Guidelines regarding rollovers as business start-ups (ROBS), Memorandum from Director, Employee Plans, Tax Exempt and Government Entities Division, to Director, Employee Plans Examinations, and Director, Employee Plans Rulings & Agreements (Oct. 1, 2008), contains guidance to field agents on the use of retirement plan rollovers to fund new businesses.

Nov. 2008
Employee Plans News, Special Edition, announces that tax-qualified plans maintained by governmental employers, which are currently assigned to determination letter filing Cycle C, may, on a one-time basis, file during Cycle E instead. (The Cycle C deadline is January 31, 2009, while the Cycle E deadline is January 31, 2011.) No notice or election is required, and determination letter applications that have already been submitted may be withdrawn. However, as an inducement to stay in Cycle C, determination letter applications for governmental plans that do file during Cycle C "will go to the top of the determination letter queue" and will be eligible for reduced fees or sanctions under parts of EPCRS.

Oct. 31, 2008
Several of the documents described in an information sheet posted to the EESA web site on October 31 for financial institutions applying for the capital purchase program contain provisions dealing with executive compensation.

Oct. 29, 2008
University of Chicago v. United States No. 07-3686 (7th Cir.), agreed with the government that contributions to a section 403(b) contract on behalf of an employee that reduce the employee's salary are subject to FICA taxes pursuant to section 3121(a)(5)(D) even if the salary reduction is not individually negotiated, and upheld the government's imposition of failure-to-deposit and failure-to-pay penalties.

Oct. 16, 2008
Social Security Administration News Release and Fact Sheet announce the cost-of-living adjustments for 2009 for the social security wage base and other social security provisions.

Oct. 14, 2008
Treasury Department Press Release HP-1208 announces the development of three programs under the Emergency Economic Stabilization Act (EESA) and corresponding executive compensation and corporate governance standards. The three programs are the Troubled Asset Auction Program (TAAP), the Troubled Assets Relief Program (TARP) Capital Purchase Program (CPP), and a program for Systemically Significant Failing Institutions (SSFIs).

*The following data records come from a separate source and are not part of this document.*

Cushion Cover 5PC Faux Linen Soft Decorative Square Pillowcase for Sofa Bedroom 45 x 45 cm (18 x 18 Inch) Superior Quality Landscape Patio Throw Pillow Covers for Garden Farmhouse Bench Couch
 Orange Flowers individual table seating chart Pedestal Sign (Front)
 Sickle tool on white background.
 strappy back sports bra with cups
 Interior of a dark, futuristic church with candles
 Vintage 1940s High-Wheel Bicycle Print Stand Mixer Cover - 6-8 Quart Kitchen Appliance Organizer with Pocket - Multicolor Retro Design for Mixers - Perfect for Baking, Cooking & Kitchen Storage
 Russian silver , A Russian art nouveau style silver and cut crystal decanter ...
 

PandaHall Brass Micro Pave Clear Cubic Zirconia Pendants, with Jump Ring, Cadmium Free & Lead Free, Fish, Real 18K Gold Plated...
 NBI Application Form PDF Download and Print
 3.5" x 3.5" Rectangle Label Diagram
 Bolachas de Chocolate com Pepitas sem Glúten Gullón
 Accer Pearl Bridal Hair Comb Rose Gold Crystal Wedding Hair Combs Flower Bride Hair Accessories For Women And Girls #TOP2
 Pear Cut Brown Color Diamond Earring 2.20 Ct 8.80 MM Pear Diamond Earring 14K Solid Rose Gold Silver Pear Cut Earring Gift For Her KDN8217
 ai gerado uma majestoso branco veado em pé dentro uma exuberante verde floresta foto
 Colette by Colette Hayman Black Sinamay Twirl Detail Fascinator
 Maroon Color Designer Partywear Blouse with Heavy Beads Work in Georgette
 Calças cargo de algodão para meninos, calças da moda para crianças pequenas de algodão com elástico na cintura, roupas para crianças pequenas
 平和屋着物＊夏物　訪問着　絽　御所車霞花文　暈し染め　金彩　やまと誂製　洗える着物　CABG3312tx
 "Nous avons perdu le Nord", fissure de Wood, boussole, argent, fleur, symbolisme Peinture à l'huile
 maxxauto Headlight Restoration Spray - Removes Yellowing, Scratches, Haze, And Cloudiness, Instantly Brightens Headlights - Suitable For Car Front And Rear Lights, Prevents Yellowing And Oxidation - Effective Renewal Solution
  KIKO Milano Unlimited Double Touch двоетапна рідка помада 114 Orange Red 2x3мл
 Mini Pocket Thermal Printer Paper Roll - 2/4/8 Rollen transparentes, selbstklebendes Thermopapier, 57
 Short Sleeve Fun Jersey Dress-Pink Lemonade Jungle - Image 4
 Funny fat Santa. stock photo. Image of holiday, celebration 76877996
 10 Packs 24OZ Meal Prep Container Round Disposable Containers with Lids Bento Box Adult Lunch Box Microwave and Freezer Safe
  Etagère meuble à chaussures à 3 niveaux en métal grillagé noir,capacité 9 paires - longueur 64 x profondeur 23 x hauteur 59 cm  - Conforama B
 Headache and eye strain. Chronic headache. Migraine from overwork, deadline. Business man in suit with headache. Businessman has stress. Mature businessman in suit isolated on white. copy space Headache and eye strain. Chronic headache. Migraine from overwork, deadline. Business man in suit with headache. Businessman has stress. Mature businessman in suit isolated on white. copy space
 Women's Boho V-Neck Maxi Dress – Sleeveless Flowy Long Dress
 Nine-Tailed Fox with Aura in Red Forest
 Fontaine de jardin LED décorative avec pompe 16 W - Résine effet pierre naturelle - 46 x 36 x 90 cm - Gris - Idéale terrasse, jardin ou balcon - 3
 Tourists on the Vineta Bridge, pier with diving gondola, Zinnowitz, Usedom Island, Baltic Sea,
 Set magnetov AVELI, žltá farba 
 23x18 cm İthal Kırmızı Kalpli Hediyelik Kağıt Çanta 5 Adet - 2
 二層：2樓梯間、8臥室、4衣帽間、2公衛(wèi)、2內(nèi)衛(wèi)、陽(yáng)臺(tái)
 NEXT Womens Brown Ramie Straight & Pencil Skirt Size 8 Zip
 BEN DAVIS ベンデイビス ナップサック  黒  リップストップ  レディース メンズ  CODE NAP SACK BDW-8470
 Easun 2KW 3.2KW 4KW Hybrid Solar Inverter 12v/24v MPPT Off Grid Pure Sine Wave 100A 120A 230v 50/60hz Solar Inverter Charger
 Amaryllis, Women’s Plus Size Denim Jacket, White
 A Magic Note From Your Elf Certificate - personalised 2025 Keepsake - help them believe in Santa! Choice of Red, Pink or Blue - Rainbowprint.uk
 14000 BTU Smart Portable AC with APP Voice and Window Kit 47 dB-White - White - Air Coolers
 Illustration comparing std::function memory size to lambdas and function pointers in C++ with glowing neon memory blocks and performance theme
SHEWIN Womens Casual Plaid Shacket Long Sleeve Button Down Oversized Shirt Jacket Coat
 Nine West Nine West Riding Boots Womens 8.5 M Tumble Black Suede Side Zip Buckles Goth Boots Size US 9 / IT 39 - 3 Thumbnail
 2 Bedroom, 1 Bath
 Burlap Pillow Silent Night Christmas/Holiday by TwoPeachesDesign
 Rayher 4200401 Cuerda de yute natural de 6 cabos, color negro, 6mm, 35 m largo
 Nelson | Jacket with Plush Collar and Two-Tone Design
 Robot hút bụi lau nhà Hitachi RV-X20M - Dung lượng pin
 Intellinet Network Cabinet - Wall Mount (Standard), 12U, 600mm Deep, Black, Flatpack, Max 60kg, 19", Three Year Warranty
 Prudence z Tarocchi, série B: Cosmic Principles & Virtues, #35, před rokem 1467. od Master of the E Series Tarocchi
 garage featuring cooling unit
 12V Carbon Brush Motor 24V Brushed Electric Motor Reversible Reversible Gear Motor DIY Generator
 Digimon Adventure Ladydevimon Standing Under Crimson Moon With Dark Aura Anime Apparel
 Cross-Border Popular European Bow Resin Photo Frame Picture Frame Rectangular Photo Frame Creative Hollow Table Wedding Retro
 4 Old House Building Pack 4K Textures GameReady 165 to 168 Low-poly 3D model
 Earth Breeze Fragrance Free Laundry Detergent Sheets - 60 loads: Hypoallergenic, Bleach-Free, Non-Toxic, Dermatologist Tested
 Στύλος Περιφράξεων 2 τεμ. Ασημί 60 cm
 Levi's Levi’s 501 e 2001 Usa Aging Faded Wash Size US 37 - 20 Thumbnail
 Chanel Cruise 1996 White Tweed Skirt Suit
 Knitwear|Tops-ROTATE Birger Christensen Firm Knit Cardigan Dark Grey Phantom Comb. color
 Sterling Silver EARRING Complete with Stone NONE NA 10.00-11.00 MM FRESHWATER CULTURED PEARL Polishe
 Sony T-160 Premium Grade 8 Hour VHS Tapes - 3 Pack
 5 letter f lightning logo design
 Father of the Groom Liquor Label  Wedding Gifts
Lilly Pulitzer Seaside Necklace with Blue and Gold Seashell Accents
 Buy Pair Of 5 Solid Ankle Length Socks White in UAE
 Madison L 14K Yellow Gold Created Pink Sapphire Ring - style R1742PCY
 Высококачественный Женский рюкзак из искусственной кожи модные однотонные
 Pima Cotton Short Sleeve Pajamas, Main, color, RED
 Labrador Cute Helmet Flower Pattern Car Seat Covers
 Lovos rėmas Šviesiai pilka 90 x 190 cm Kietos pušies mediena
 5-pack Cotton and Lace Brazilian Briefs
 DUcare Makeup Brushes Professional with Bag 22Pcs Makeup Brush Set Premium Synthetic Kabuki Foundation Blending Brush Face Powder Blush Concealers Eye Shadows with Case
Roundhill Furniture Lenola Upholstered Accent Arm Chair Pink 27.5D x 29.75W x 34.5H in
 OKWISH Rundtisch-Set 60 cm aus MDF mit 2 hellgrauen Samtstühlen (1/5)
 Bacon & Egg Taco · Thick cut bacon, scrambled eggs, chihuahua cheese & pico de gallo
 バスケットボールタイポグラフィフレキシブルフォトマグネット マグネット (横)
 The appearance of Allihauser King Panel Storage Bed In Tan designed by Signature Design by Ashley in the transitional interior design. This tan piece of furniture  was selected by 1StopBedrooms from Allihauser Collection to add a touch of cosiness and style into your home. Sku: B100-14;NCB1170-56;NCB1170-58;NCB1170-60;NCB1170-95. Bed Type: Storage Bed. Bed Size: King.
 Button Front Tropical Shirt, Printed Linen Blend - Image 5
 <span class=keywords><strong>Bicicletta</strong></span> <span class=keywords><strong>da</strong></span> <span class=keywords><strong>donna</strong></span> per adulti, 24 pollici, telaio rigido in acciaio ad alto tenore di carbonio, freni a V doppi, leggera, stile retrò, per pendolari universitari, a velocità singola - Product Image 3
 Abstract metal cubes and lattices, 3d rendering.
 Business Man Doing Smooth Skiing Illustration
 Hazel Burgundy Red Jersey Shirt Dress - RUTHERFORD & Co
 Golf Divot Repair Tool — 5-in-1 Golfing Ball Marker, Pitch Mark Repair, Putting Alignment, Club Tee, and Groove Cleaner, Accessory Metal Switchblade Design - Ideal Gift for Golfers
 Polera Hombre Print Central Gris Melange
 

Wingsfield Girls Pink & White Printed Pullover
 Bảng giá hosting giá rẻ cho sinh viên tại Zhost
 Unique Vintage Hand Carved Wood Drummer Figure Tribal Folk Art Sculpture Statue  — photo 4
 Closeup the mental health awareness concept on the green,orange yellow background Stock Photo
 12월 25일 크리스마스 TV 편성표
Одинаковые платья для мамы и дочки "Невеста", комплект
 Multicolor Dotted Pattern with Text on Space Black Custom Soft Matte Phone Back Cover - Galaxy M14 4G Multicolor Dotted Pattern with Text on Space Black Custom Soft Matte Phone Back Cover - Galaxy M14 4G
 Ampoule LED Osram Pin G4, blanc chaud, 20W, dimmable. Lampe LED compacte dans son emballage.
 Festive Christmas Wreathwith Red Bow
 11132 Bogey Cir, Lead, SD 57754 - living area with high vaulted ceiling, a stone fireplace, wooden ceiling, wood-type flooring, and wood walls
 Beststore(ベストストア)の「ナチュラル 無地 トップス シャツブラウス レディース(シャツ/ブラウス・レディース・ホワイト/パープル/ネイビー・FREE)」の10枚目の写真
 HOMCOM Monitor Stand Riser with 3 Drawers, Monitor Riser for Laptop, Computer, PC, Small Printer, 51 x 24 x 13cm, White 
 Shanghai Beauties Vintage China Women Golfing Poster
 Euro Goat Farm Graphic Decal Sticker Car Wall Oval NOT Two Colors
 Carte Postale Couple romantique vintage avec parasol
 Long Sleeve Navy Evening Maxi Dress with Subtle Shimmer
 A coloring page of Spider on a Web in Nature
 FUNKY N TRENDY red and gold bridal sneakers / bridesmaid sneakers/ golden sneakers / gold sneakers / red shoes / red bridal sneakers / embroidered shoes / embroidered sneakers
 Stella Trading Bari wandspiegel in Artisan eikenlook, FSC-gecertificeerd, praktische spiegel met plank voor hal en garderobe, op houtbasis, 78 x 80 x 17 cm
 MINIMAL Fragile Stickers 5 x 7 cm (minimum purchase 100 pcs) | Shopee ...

Notice 2008-94, 2008-44 I.R.B. ___, provides guidance on new sections 162(m)(5) and 280G(e), were added by section 302 of EESA. The new sections impose additional restrictions on compensation paid to certain top executives by certain financial institutions that sell at least $300 million of troubled assets to the Treasury Department, other than solely through direct purchases.

Oct. 15, 2008
Letter from New York State Attorney General Andrew M. Cuomo to the Board of Directors of American International Group (AIG) states his office's belief that some executive compensation "expenditures and payments, made in the absence of fair consideration, violated New York law," specifically New York debtor-creditor law on fraudulent conveyances.

Oct. 20, 2008
T.D. 9427 73 Fed. Reg. 62410, contains final regulations issued jointly with the DOL and HHS under the Newborns' and Mothers' Health Protection Act.

Oct. 17, 2008
Interpretive Bulletin 08-1, 73 Fed. Reg. 61734, modifies and supersedes the guidance in Interpretive Bulletin 94-1 on the legal standards imposed on fiduciaries when considering investments in "economically targeted investments."

Oct. 17, 2008
Interpretive Bulletin 08-2, 73 Fed. Reg. 61731, modifies and supersedes the guidance in Interpretive Bulletin 94-2 with respect to the exercise of shareholder rights and written statements of investment policy, including proxy voting policies and guidelines.

Oct. 7, 2008
Finance Committee Press Release requests public comments on proposed legislation that would require employers to disclose on Form W-2 the aggregate cost of tax-exempt coverage under a health plan that it provides to an employee.

Jun. 17, 2008
TAM 200841042 concludes that stock distributions from an employer's ESOP to its participants should not be treated as cash distributions simply because participants exercise their put options and sell their shares back to the employer following the distribution.